-- Exercise data follows --
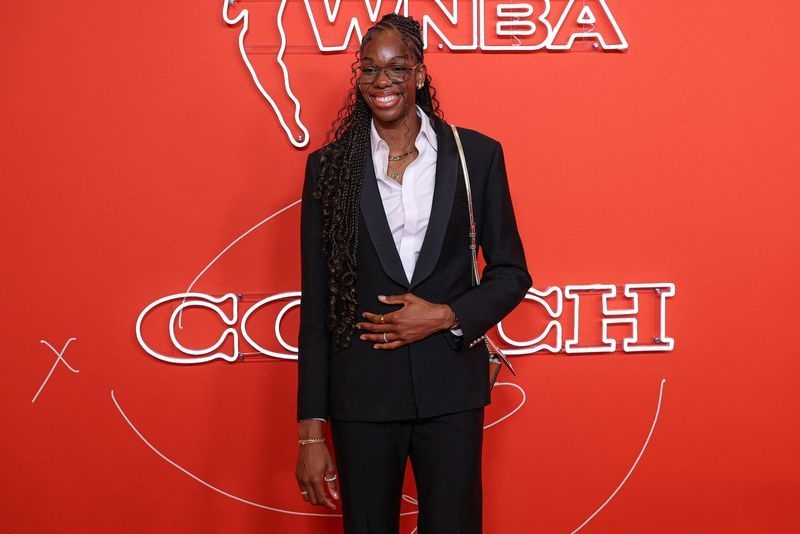 Basketball-France's teen sensation Malonga ready to dunk on WNBA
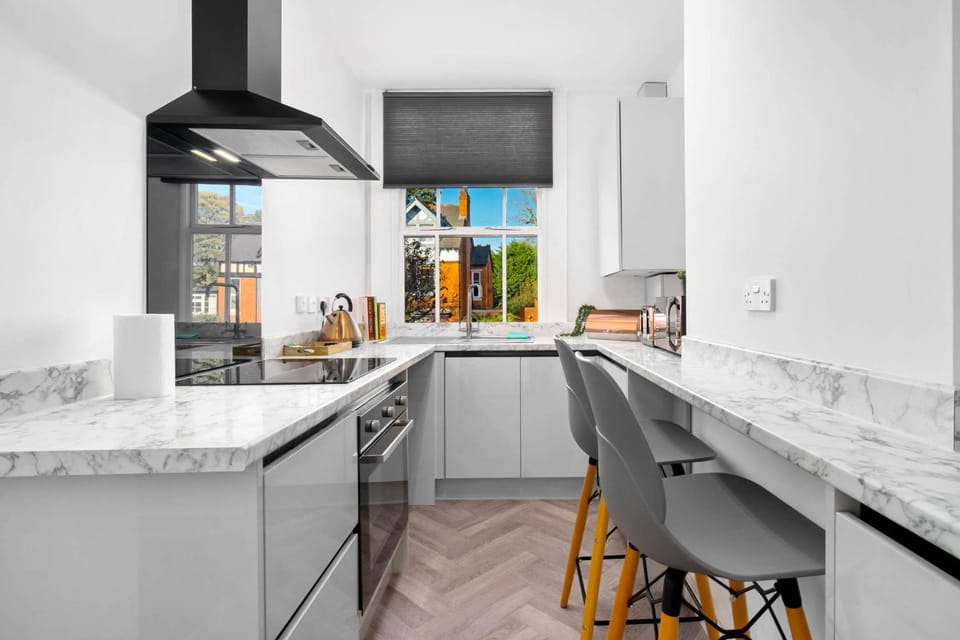 Kitchen or kitchenette, Dining area, stove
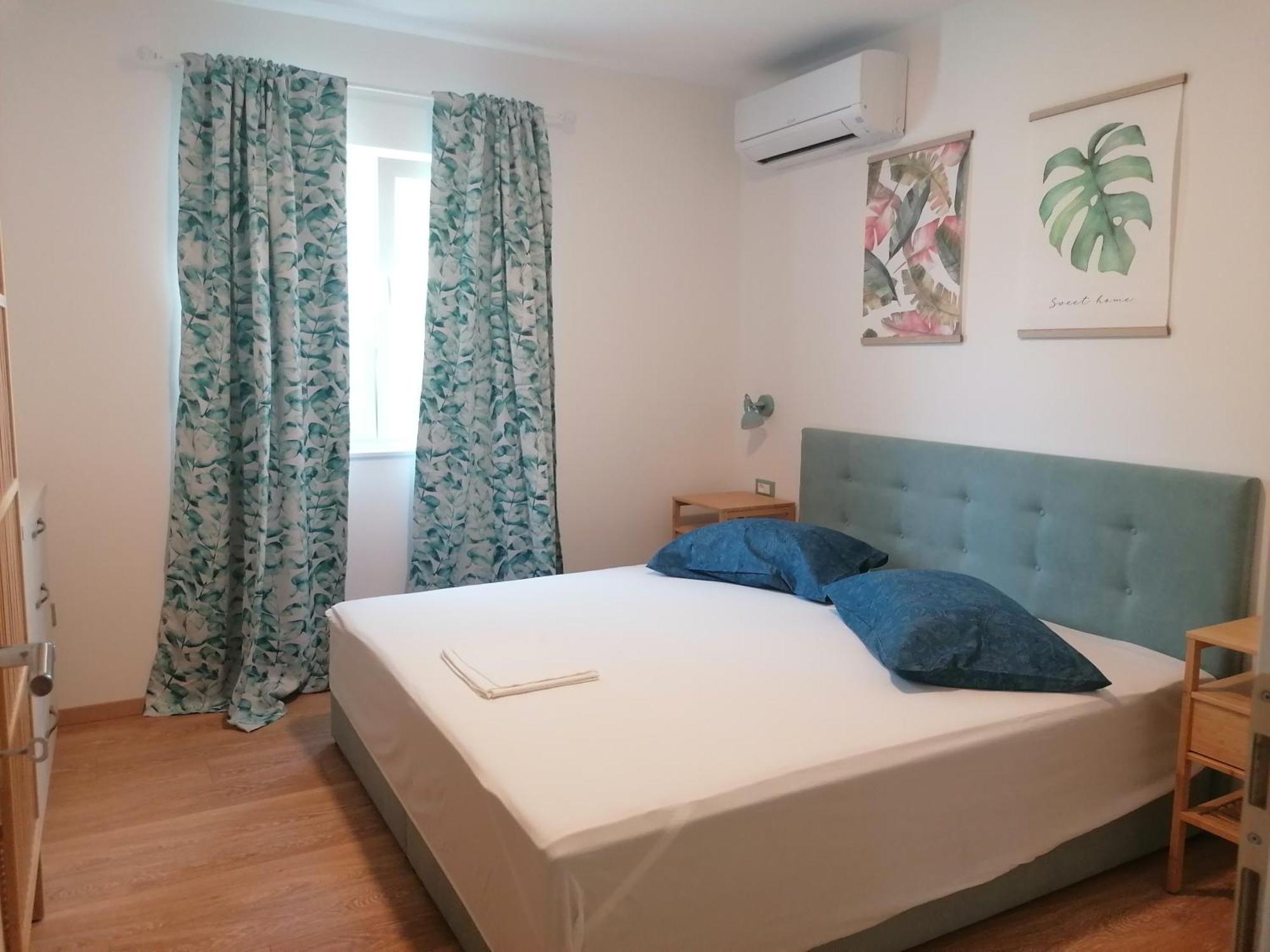 Apartmani Mares - 20 M From The Beach Brela Exterior photo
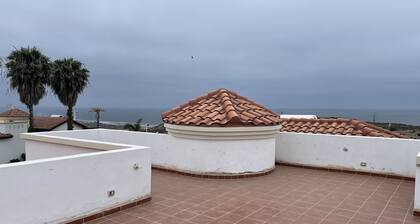 BeachView Condo! 5 minute drive to Puerto Nuevo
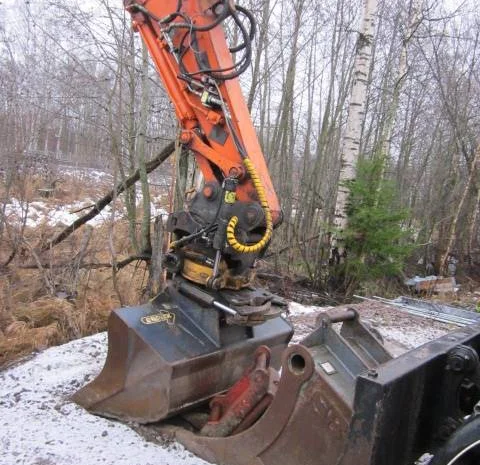 Экскаватор Hitachi ZX 130 W- фото № 6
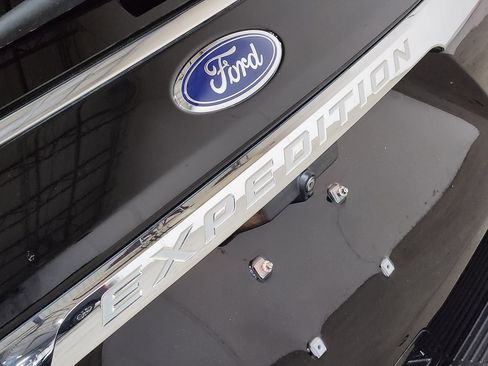 Used 2021 Ford Expedition Max XLT image 25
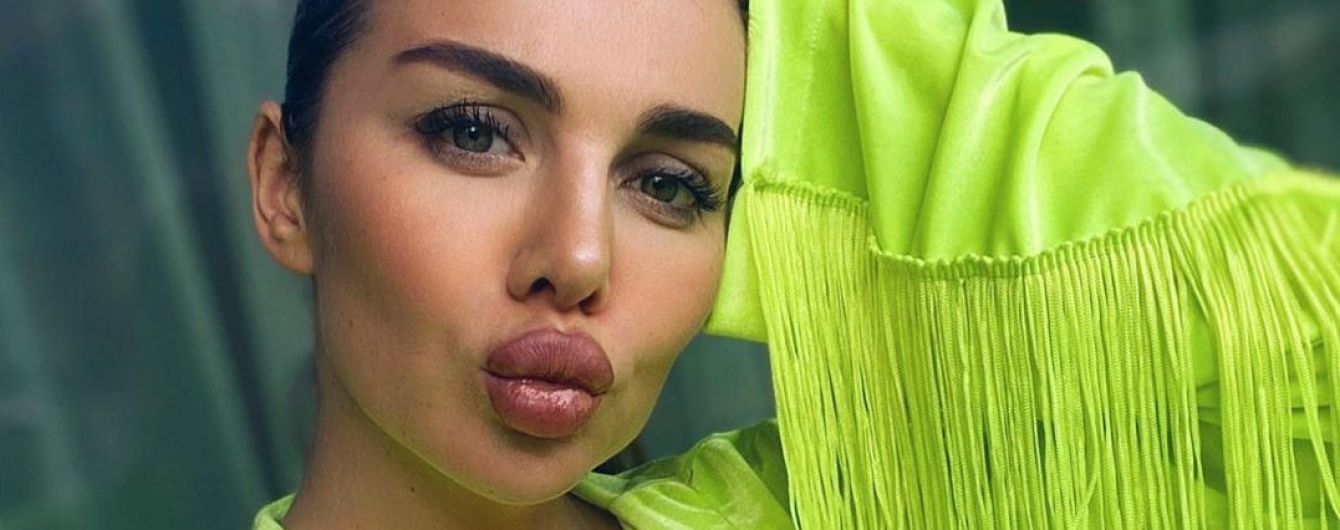 Анна Сєдокова із маскою на обличчі похизувалася пишним бюстом та пресом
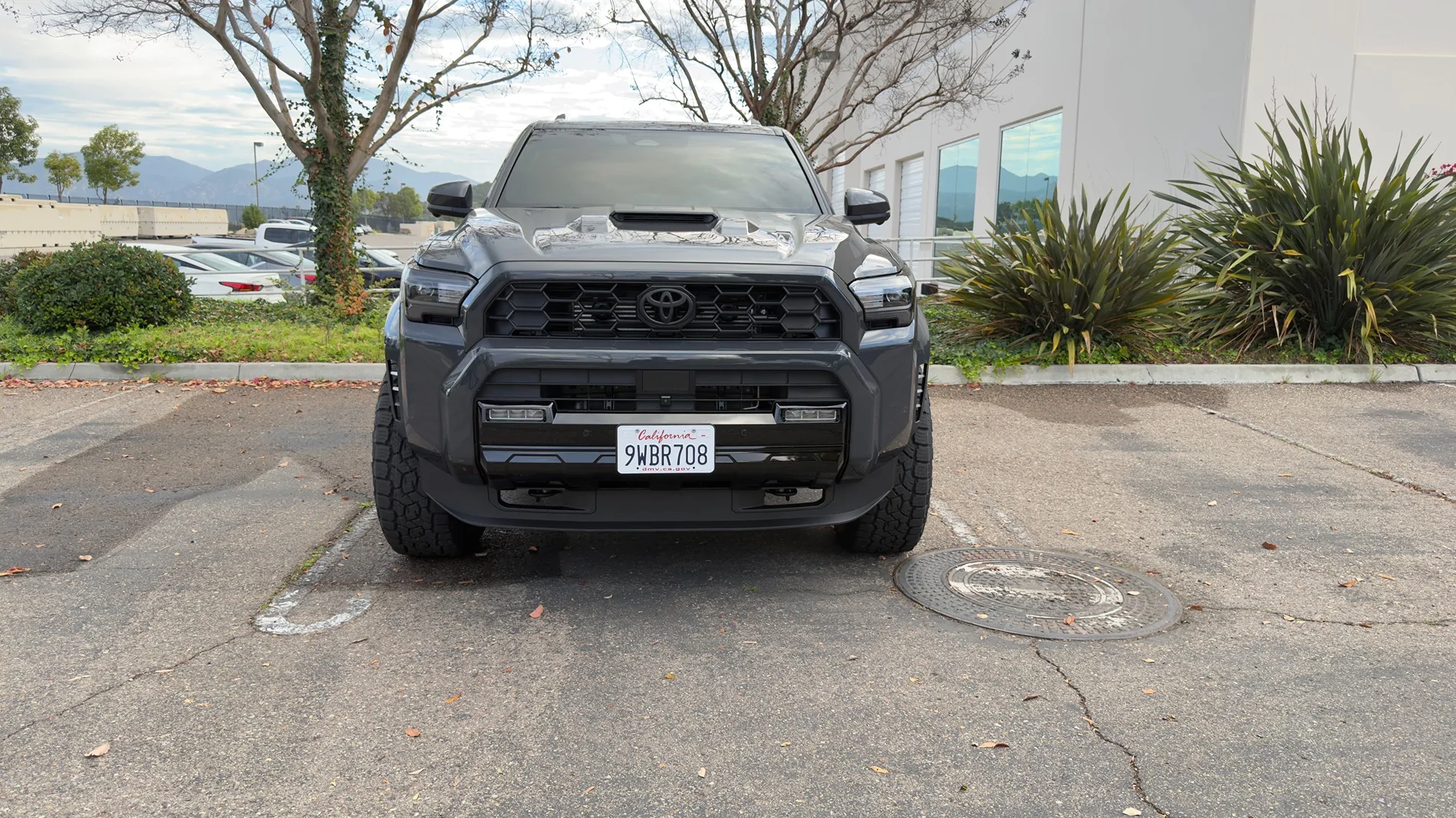 2025 4runner 6th gen 2025 TRD Sport on Torq Engineering 3" front / 1" rear leveling lift kit, 285/60r20 tires, 20x9 wheels (Fuel D679) IMG_0921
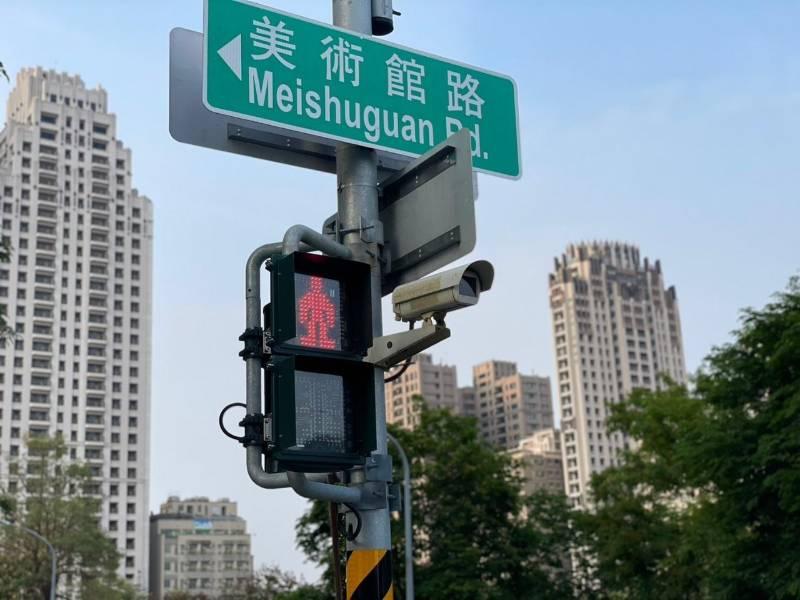 高雄交通局推動路口號誌設施改善，三招提高行人安全性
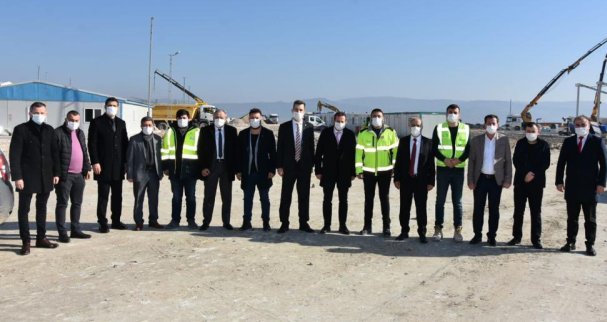 YENiSEHiR HIZLI TREN iLK SANTiYESi AK PARTi BURSA MiLLETVEKiLLERi MUSTAFGA ESGiN VE REFiK OZEN ZiYARETi YENiSEHiR HIZLI TREN iLK SANTiYESi AK PARTi BURSA MiLLETVEKiLLERi MUSTAFGA ESGiN VE REFiK OZEN ZiYARETi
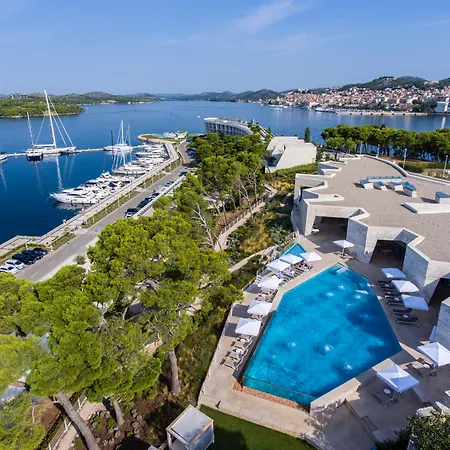 D-resort - Small Luxury Of The World 4*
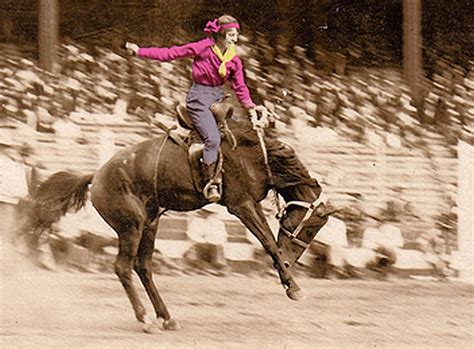 Bonnie Mccarroll Cowgirl Bronc Rider Vintage Western Western Women Cowgirl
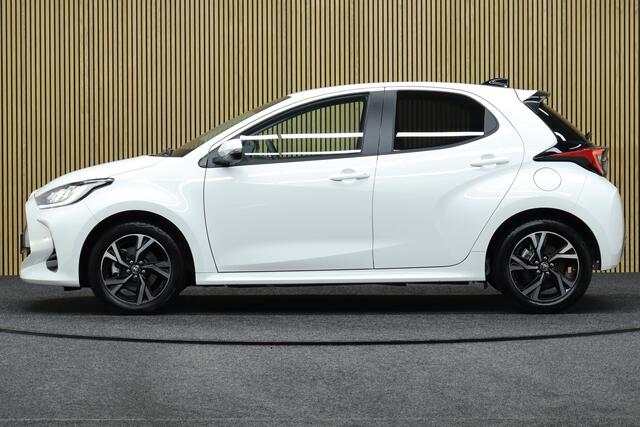 Toyota YARIS 1.5 Hybrid 115 Executive Edition | Facelift | Dodehoekdetectie | Adaptive-cruise | Maps Navigatie | Apple Carplay & Android Auto | Camera | Parkeerhulp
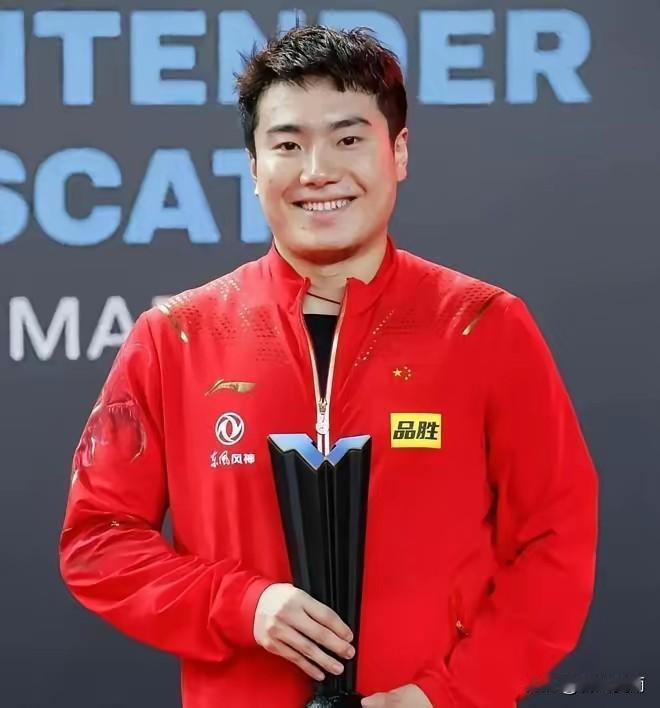 3-2 逆转翻盘，打爆日本张本智和，🇨🇳WTT 中国大满贯男单首轮：梁靖崑回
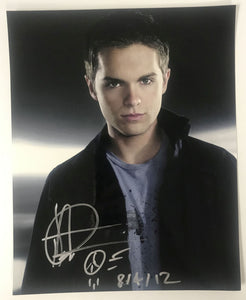 Thomas Dekker Signed Autographed "Secret Circle" Glossy 8x10 Photo - Lifetime COA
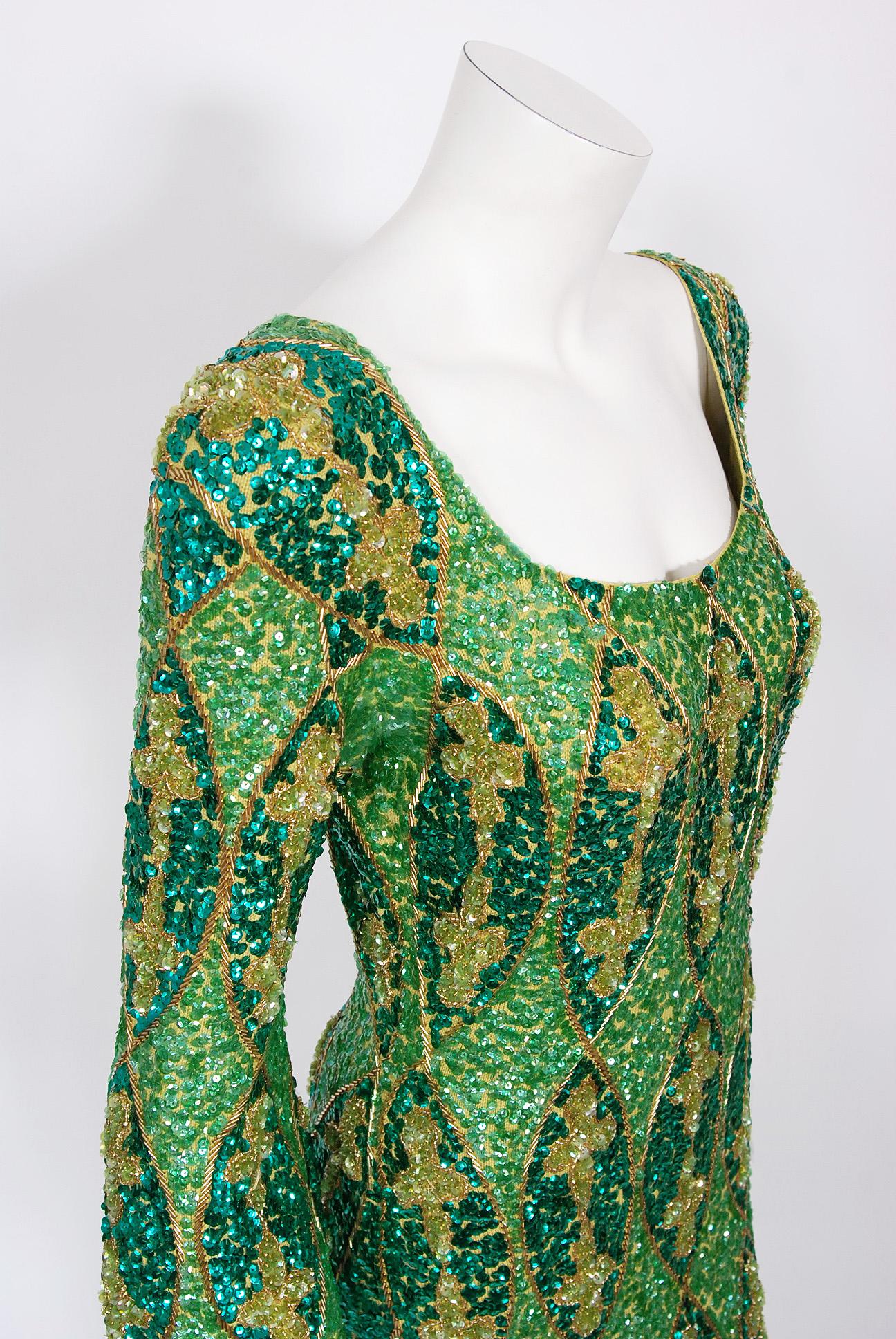 Vintage 1960's Beaded Sequin Green Graphic Stretch-Knit Hourglass Evening Gown In Good Condition In Beverly Hills, CA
-- Exercise data concluded --
#### Requirement:
The lines needed run from the first line of the records through the line containing "高雄交通局推動路口號誌設施改善，三招提高行人安全性", both included. Restate them word for word, without pictures.

#### Task output:
 Basketball-France's teen sensation Malonga ready to dunk on WNBA
 Kitchen or kitchenette, Dining area, stove
 Apartmani Mares - 20 M From The Beach Brela Exterior photo
 BeachView Condo! 5 minute drive to Puerto Nuevo
 Экскаватор Hitachi ZX 130 W- фото № 6
 Used 2021 Ford Expedition Max XLT image 25
 Анна Сєдокова із маскою на обличчі похизувалася пишним бюстом та пресом
 2025 4runner 6th gen 2025 TRD Sport on Torq Engineering 3" front / 1" rear leveling lift kit, 285/60r20 tires, 20x9 wheels (Fuel D679) IMG_0921
 高雄交通局推動路口號誌設施改善，三招提高行人安全性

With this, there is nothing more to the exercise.